Mythri proposes that the key to solving the economic crisis in Sri Lanka starts with speaking with plantation workers about what they want in their lives.
Nostalgia as a Choice
Mythri describes nostalgia as a decision to engage the past in a particular way. She ties this into her own childhood and being outside of Sri Lanka while her family was displaced, and having trouble with the ethics of feeling nostalgic for a place and time that brought violence and pain to others.
Anna points out that while it is a great point not to romanticize the colonial past and perpetuate inequality, there are still moments of joy that one can reminisce about.
GUESTS
After several years as a fashion buyer, Zolitha Magengelele took the leap and left a career in fashion retail to pursue a passion for the cultural space, by fusing love of imaginative cooking with her enthusiasm for contemporary art and the creative communities behind it. She founded ‘The Cook’s Table’(TCT) project in 2013. TCT has brought art enthusiasts, brands that are committed to the arts, and the artists, a bit closer to each other through a series of carefully curated ‘occasional’ dinners and collaborative events. Diners have enjoyed intimate dinners at the homes and studios of South Africa’s most celebrated and awarded contemporary artists, such as Nicholas Hlobo, Nandipha Mntambo, Athi-Patra Ruga, Lady Skollie and Mary Sibande.
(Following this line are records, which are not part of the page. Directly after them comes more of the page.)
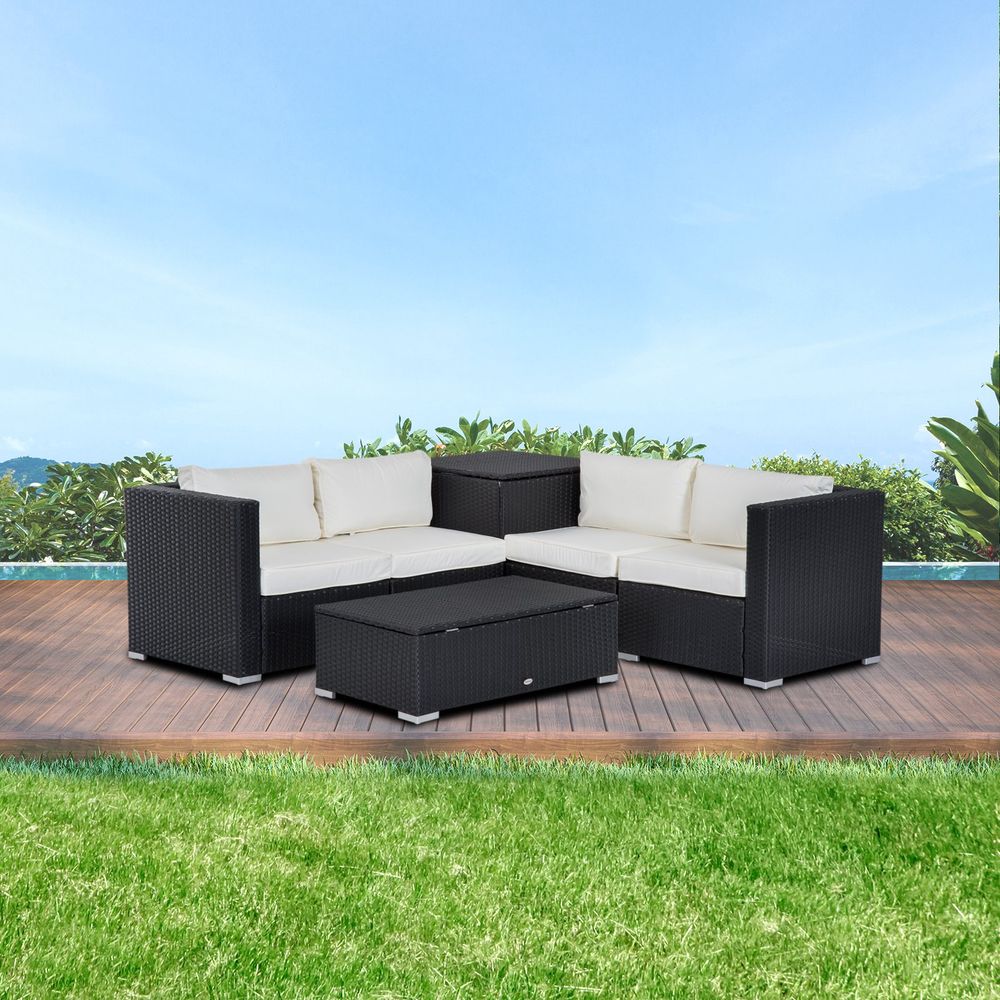 Outdoor 6-Piece Rattan Sofa Set with Cushions - Modern Black/Beige Design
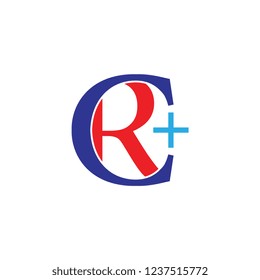 CR letter with plus medical logo design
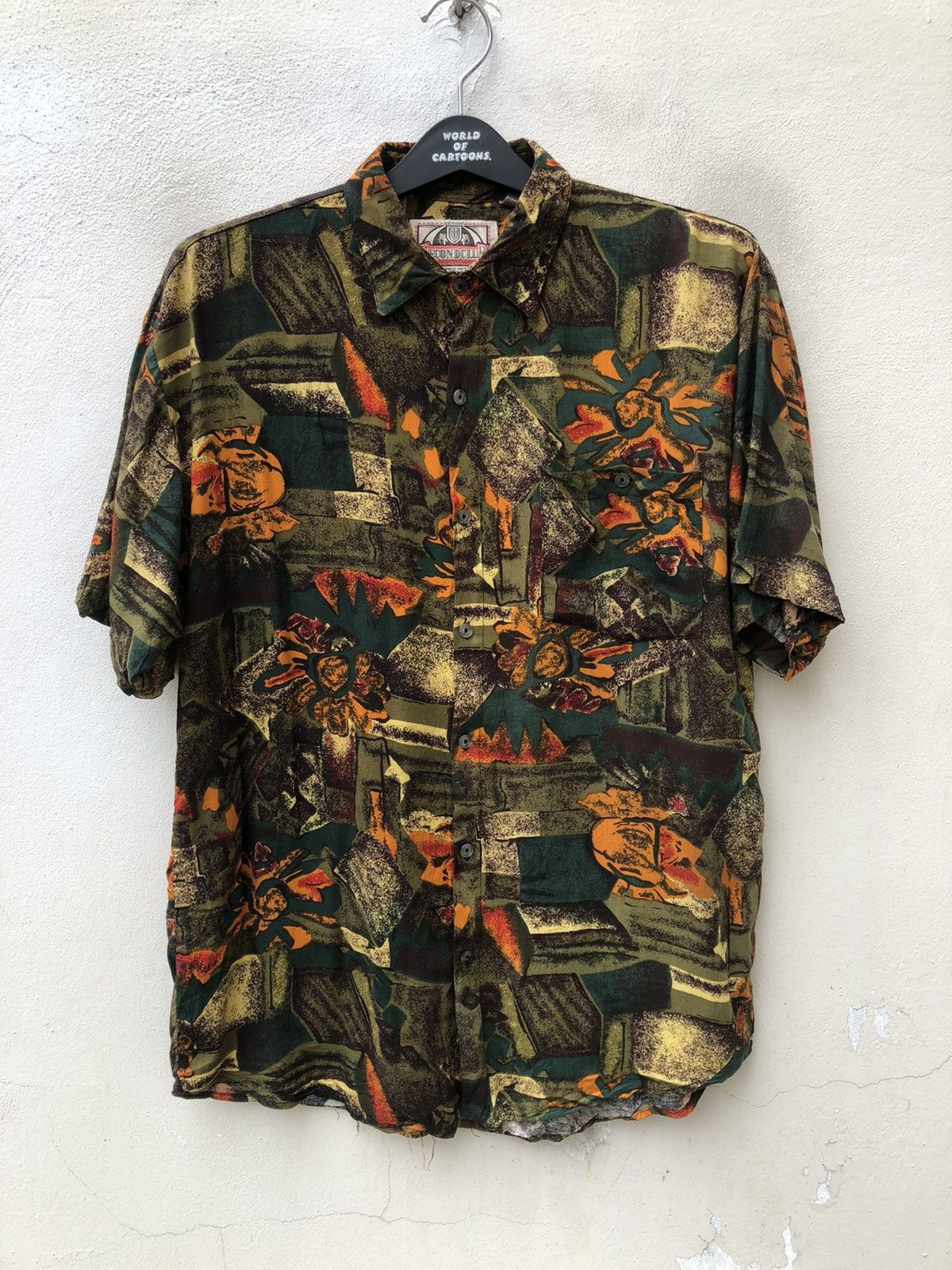 Vintage Vintage 90s SecondClub Abstract Art Rayon Gypsy Shirt Baggy Size US S / EU 44-46 / 1 - 3 Thumbnail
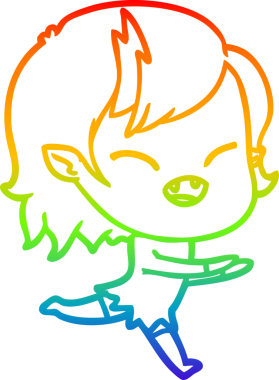 Gökkuşağı gradyan çizgi çizimi bir insan tarafından çizilen gülen vampir kızın çizimi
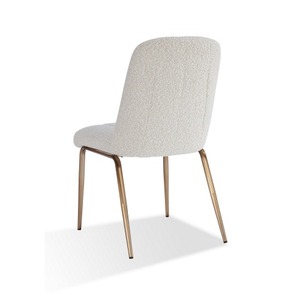Sillas de comedor plegables modernas Rise de 19 pulgadas con tapicería suave ecológica de boucle, juego de 2 en bronce blanco - Product Image 2
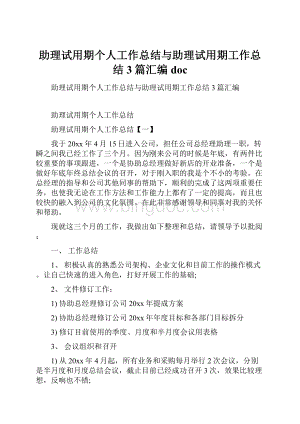 助理试用期个人工作总结与助理试用期工作总结3篇汇编doc.docx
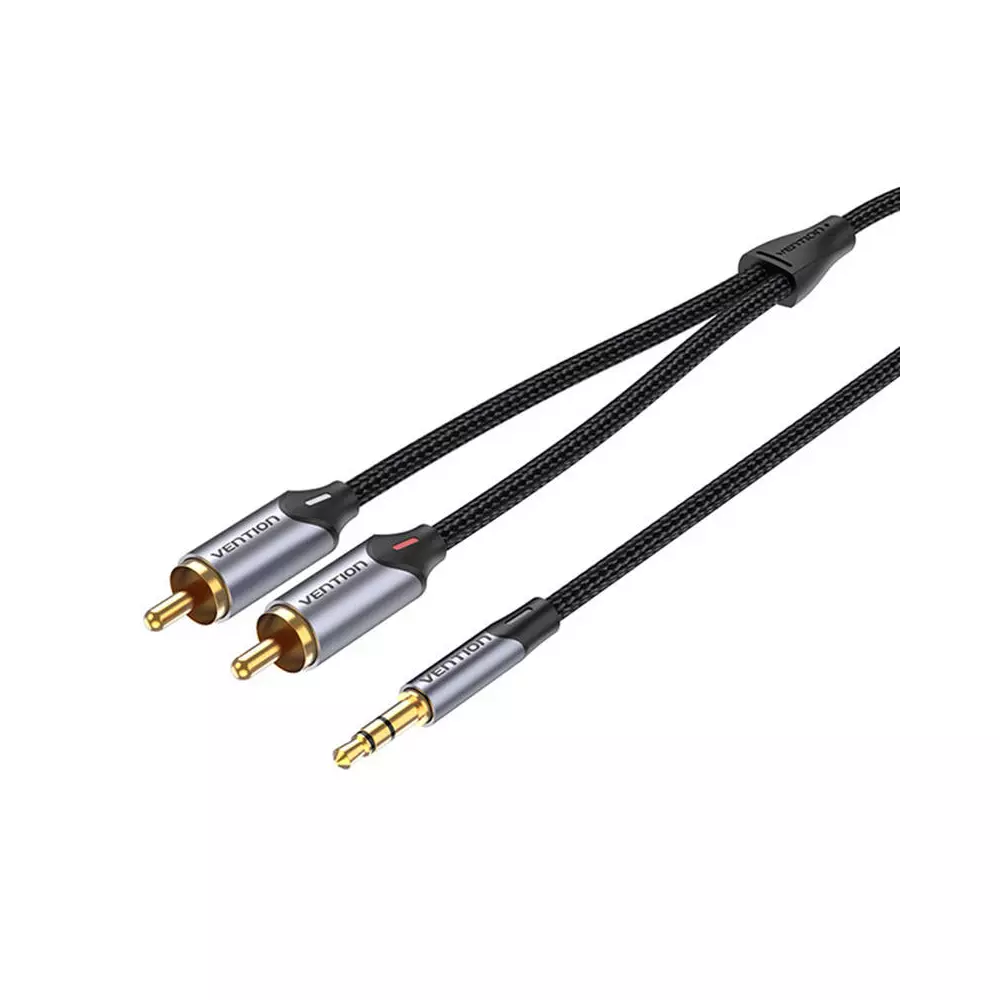 Cable Audio 2xRCA to 3.5mm Vention BCNBF 1m (grey)
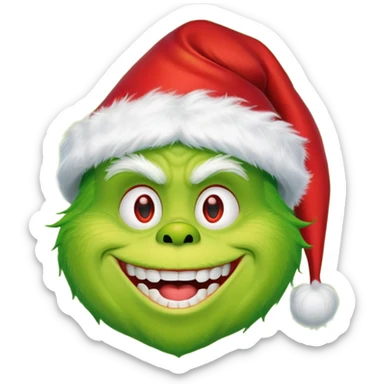 The Grinch with a Santa hat emoji sticker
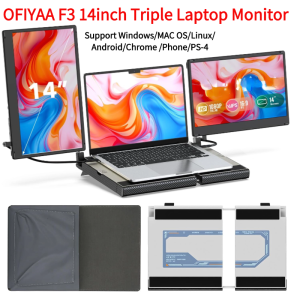 [JYA store] OFIYAA 14inch F3 Portable Triple Monitor With stand For Laptop Screen Extender Portable Dual Monitor FHD1080p Ips Supported Type-C Laptop Monitor Extender Windows/MAC OS/Linux/Android/Chrome /Phone/PS-4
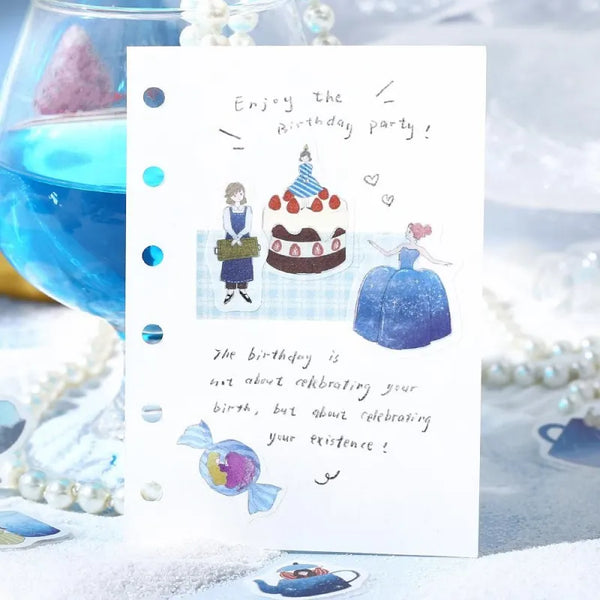 Load image into Gallery viewer, BGM Foil Stamping Flake Seal – Girl and Café: Deep Sea Soda featuring 45 washi stickers of café girls, fizzy drinks, and sea-themed desserts with foil and embossed detailing.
The Cook’s Table has also collaborated on events with brands such as Spier wines, musician Nakhane, as well as curators and art advisors such as Gabi Ngcobo and Kholisa Thomas.
Zolitha Magengelele
Mythri Jegathesan is a cultural anthropologist and associate professor in the Department of Anthropology at Santa Clara University. Her research interests include plantations, tea, work, gender, human rights, and minority politics. She is co-editor of Anthropology of Work Review and earned her PhD in Anthropology from Columbia University. Her book, Tea and Solidarity: Tamil Women and Work in Postwar Sri Lanka (2019) is an ethnography of plantation life and work in the context of ethnonationalist violence and civil war in Sri Lanka. Her work has appeared in Himal Southasian, Cultural Anthropology, Feminist Anthropology, Anthropological Quarterly, SAMAJ, Dialectical Anthropology, Commoning Ethnography, e-flux journal, Colomboscope Interdisciplinary Art Festival, and Scroll Projects on Paper.
Mythri Jegathesan
Shiraz Bayjoo is a visual artist who works across lots of mediums with different kinds of communities, predominantly focused on the western Indian Ocean and East Africa.